Dinsdag en woensdag gebeurt er niet veel. Pap gaat naar Hongkong en dat is een opluchting, want zodra ik de kamer uit ben, beginnen hij en mam op elkaar te vitten. Een keer, op de dag voor zijn vertrek, ruikt hij weer naar sigaretten, waardoor ik me afvraag of hij zijn vriendinnetje meeneemt op zakenreis. Maar ik zeg er niets over en mam ook niet. Dan, op donderdag, komt Titus op de gang naar me toe. “Hoi, Sarah,” zegt hij.
“Jij ook hoi,” zeg ik. “Hoe gaat-ie?”
“Met mij? Gewoon. Zinvol en zinloos geweld, mediaverzadiging, puberangst, een volslagen puinhoop dus.”
Ik klink als een idioot. Maar wat moet ik anders zeggen? Dat mijn ouders gaan scheiden?
Dat ik dikke onvoldoendes haal voor tekenen en literatuur?

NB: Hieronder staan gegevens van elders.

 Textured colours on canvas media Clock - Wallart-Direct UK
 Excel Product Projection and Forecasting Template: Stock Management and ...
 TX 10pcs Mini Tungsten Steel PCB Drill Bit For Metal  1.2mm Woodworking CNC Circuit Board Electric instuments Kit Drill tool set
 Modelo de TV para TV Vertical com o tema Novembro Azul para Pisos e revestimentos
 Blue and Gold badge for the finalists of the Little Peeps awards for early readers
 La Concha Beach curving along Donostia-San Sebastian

Dat mijn beste vriendin nauwelijks met me praat en over iets anders begint als ik haar vraag waar ze zaterdagavond was?
Dat ik de hele tijd aan je denk en naar je lichaam verlang?
“O ja,” zegt hij. “Ha ha.”
“En met jou?” vraag ik.
Hij wrijft over zijn nek. “Ik, eh, Taffy vertelde, eh, kan ik je even spreken?”
“Tuurlijk.”
O jee. Heeft Taffy, in haar strakke balletpakje, achter mijn rug over me gepraat? Wat heeft ze gezegd – dat ik aan mijn Supermantekeningen lik?
“Ik –”
“Wacht even,” onderbreek ik hem. “Laat me je eerst vertellen dat Taffy een halvegare is.”
“Ze –”
“Beloof me dat je niet gelooft wat ze vertelt.”
“Kom op, Sarah.”
“Nee, ik meen het. Alles wat Taffy over mij vertelt is onzin.”
“O.” Hij lijkt een beetje geschrokken. “Oké, prima hoor. Ze is best aardig als je haar beter kent.”
Vindt hij haar leuk? Ze doet niet anders dan op mij afgeven, alsof ik een stuk ongedierte ben.